Input section start
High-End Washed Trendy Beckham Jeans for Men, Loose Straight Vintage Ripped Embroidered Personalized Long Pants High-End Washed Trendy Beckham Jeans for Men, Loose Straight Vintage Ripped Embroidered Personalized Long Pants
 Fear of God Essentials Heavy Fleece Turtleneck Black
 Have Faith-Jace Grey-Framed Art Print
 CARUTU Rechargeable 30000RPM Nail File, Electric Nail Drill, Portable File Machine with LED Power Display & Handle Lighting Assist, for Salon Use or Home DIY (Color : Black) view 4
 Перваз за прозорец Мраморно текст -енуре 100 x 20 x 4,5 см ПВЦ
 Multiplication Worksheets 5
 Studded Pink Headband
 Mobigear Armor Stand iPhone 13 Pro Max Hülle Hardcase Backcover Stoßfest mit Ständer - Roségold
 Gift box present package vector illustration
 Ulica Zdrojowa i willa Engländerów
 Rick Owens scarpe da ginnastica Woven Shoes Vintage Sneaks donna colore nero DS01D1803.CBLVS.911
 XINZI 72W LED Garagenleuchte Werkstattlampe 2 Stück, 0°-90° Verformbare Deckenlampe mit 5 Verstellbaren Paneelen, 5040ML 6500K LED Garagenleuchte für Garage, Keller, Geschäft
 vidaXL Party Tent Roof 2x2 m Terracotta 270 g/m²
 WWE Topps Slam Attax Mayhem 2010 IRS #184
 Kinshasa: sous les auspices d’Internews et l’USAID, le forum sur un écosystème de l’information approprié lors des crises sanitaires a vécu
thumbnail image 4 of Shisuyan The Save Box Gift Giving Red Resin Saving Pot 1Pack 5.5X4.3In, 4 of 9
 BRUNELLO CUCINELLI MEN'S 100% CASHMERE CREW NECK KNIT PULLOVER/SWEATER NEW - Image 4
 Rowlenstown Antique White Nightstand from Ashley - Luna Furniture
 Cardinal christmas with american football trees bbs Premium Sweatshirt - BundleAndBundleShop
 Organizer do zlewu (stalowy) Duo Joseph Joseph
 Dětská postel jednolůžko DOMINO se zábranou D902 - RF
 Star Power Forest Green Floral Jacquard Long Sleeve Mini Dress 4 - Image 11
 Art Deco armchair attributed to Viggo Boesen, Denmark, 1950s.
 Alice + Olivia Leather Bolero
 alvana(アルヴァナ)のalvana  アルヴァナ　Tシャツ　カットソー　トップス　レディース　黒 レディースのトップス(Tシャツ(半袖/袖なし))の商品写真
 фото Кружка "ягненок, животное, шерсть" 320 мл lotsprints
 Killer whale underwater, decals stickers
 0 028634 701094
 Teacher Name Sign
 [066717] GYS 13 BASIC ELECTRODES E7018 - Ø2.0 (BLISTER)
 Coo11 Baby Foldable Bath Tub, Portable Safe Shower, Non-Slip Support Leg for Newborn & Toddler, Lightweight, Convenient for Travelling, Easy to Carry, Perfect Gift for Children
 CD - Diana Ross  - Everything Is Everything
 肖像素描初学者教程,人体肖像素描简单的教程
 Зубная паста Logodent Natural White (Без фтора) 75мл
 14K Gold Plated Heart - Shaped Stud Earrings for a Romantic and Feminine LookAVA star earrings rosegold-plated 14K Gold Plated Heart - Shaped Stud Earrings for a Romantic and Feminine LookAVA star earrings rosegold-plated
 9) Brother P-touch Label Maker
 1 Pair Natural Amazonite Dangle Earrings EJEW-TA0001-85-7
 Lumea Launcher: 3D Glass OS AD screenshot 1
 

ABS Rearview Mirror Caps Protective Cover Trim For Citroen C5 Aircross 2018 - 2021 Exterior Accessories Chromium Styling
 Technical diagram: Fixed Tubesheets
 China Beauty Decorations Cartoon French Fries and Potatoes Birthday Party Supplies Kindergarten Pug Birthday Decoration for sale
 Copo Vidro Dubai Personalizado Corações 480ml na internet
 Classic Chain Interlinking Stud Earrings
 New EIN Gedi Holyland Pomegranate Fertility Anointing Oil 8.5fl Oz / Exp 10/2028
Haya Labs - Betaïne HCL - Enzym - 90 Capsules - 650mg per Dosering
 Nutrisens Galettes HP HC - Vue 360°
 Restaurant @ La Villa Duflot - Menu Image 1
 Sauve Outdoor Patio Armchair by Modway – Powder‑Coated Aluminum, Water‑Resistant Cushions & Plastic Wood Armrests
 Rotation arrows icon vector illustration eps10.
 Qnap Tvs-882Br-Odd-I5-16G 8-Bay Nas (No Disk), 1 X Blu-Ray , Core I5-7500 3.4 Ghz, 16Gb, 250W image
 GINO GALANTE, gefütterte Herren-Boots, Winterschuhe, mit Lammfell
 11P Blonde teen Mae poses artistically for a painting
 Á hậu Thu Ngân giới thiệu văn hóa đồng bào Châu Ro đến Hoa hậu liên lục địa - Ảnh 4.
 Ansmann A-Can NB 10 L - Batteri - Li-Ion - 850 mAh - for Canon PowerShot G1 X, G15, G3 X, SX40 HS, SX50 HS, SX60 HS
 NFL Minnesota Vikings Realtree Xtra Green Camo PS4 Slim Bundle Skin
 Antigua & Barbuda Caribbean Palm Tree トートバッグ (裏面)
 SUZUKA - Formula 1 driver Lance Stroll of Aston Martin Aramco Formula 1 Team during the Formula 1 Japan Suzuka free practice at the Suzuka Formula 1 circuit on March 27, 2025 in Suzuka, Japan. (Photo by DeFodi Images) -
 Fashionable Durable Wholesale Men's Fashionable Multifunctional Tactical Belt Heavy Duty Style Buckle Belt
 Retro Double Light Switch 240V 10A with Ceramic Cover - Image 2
Input section end
**Goal of the exercise:** For each record above, print an exact copy.

**Exercise output:**
High-End Washed Trendy Beckham Jeans for Men, Loose Straight Vintage Ripped Embroidered Personalized Long Pants High-End Washed Trendy Beckham Jeans for Men, Loose Straight Vintage Ripped Embroidered Personalized Long Pants
 Fear of God Essentials Heavy Fleece Turtleneck Black
 Have Faith-Jace Grey-Framed Art Print
 CARUTU Rechargeable 30000RPM Nail File, Electric Nail Drill, Portable File Machine with LED Power Display & Handle Lighting Assist, for Salon Use or Home DIY (Color : Black) view 4
 Перваз за прозорец Мраморно текст -енуре 100 x 20 x 4,5 см ПВЦ
 Multiplication Worksheets 5
 Studded Pink Headband
 Mobigear Armor Stand iPhone 13 Pro Max Hülle Hardcase Backcover Stoßfest mit Ständer - Roségold
 Gift box present package vector illustration
 Ulica Zdrojowa i willa Engländerów
 Rick Owens scarpe da ginnastica Woven Shoes Vintage Sneaks donna colore nero DS01D1803.CBLVS.911
 XINZI 72W LED Garagenleuchte Werkstattlampe 2 Stück, 0°-90° Verformbare Deckenlampe mit 5 Verstellbaren Paneelen, 5040ML 6500K LED Garagenleuchte für Garage, Keller, Geschäft
 vidaXL Party Tent Roof 2x2 m Terracotta 270 g/m²
 WWE Topps Slam Attax Mayhem 2010 IRS #184
 Kinshasa: sous les auspices d’Internews et l’USAID, le forum sur un écosystème de l’information approprié lors des crises sanitaires a vécu
thumbnail image 4 of Shisuyan The Save Box Gift Giving Red Resin Saving Pot 1Pack 5.5X4.3In, 4 of 9
 BRUNELLO CUCINELLI MEN'S 100% CASHMERE CREW NECK KNIT PULLOVER/SWEATER NEW - Image 4
 Rowlenstown Antique White Nightstand from Ashley - Luna Furniture
 Cardinal christmas with american football trees bbs Premium Sweatshirt - BundleAndBundleShop
 Organizer do zlewu (stalowy) Duo Joseph Joseph
 Dětská postel jednolůžko DOMINO se zábranou D902 - RF
 Star Power Forest Green Floral Jacquard Long Sleeve Mini Dress 4 - Image 11
 Art Deco armchair attributed to Viggo Boesen, Denmark, 1950s.
 Alice + Olivia Leather Bolero
 alvana(アルヴァナ)のalvana  アルヴァナ　Tシャツ　カットソー　トップス　レディース　黒 レディースのトップス(Tシャツ(半袖/袖なし))の商品写真
 фото Кружка "ягненок, животное, шерсть" 320 мл lotsprints
 Killer whale underwater, decals stickers
 0 028634 701094
 Teacher Name Sign
 [066717] GYS 13 BASIC ELECTRODES E7018 - Ø2.0 (BLISTER)
 Coo11 Baby Foldable Bath Tub, Portable Safe Shower, Non-Slip Support Leg for Newborn & Toddler, Lightweight, Convenient for Travelling, Easy to Carry, Perfect Gift for Children
 CD - Diana Ross  - Everything Is Everything
 肖像素描初学者教程,人体肖像素描简单的教程
 Зубная паста Logodent Natural White (Без фтора) 75мл
 14K Gold Plated Heart - Shaped Stud Earrings for a Romantic and Feminine LookAVA star earrings rosegold-plated 14K Gold Plated Heart - Shaped Stud Earrings for a Romantic and Feminine LookAVA star earrings rosegold-plated
 9) Brother P-touch Label Maker
 1 Pair Natural Amazonite Dangle Earrings EJEW-TA0001-85-7
 Lumea Launcher: 3D Glass OS AD screenshot 1
 

ABS Rearview Mirror Caps Protective Cover Trim For Citroen C5 Aircross 2018 - 2021 Exterior Accessories Chromium Styling
 Technical diagram: Fixed Tubesheets
 China Beauty Decorations Cartoon French Fries and Potatoes Birthday Party Supplies Kindergarten Pug Birthday Decoration for sale
 Copo Vidro Dubai Personalizado Corações 480ml na internet
 Classic Chain Interlinking Stud Earrings
 New EIN Gedi Holyland Pomegranate Fertility Anointing Oil 8.5fl Oz / Exp 10/2028
Haya Labs - Betaïne HCL - Enzym - 90 Capsules - 650mg per Dosering
 Nutrisens Galettes HP HC - Vue 360°
 Restaurant @ La Villa Duflot - Menu Image 1
 Sauve Outdoor Patio Armchair by Modway – Powder‑Coated Aluminum, Water‑Resistant Cushions & Plastic Wood Armrests
 Rotation arrows icon vector illustration eps10.
 Qnap Tvs-882Br-Odd-I5-16G 8-Bay Nas (No Disk), 1 X Blu-Ray , Core I5-7500 3.4 Ghz, 16Gb, 250W image
 GINO GALANTE, gefütterte Herren-Boots, Winterschuhe, mit Lammfell
 11P Blonde teen Mae poses artistically for a painting
 Á hậu Thu Ngân giới thiệu văn hóa đồng bào Châu Ro đến Hoa hậu liên lục địa - Ảnh 4.
 Ansmann A-Can NB 10 L - Batteri - Li-Ion - 850 mAh - for Canon PowerShot G1 X, G15, G3 X, SX40 HS, SX50 HS, SX60 HS
 NFL Minnesota Vikings Realtree Xtra Green Camo PS4 Slim Bundle Skin
 Antigua & Barbuda Caribbean Palm Tree トートバッグ (裏面)
 SUZUKA - Formula 1 driver Lance Stroll of Aston Martin Aramco Formula 1 Team during the Formula 1 Japan Suzuka free practice at the Suzuka Formula 1 circuit on March 27, 2025 in Suzuka, Japan. (Photo by DeFodi Images) -
 Fashionable Durable Wholesale Men's Fashionable Multifunctional Tactical Belt Heavy Duty Style Buckle Belt
 Retro Double Light Switch 240V 10A with Ceramic Cover - Image 2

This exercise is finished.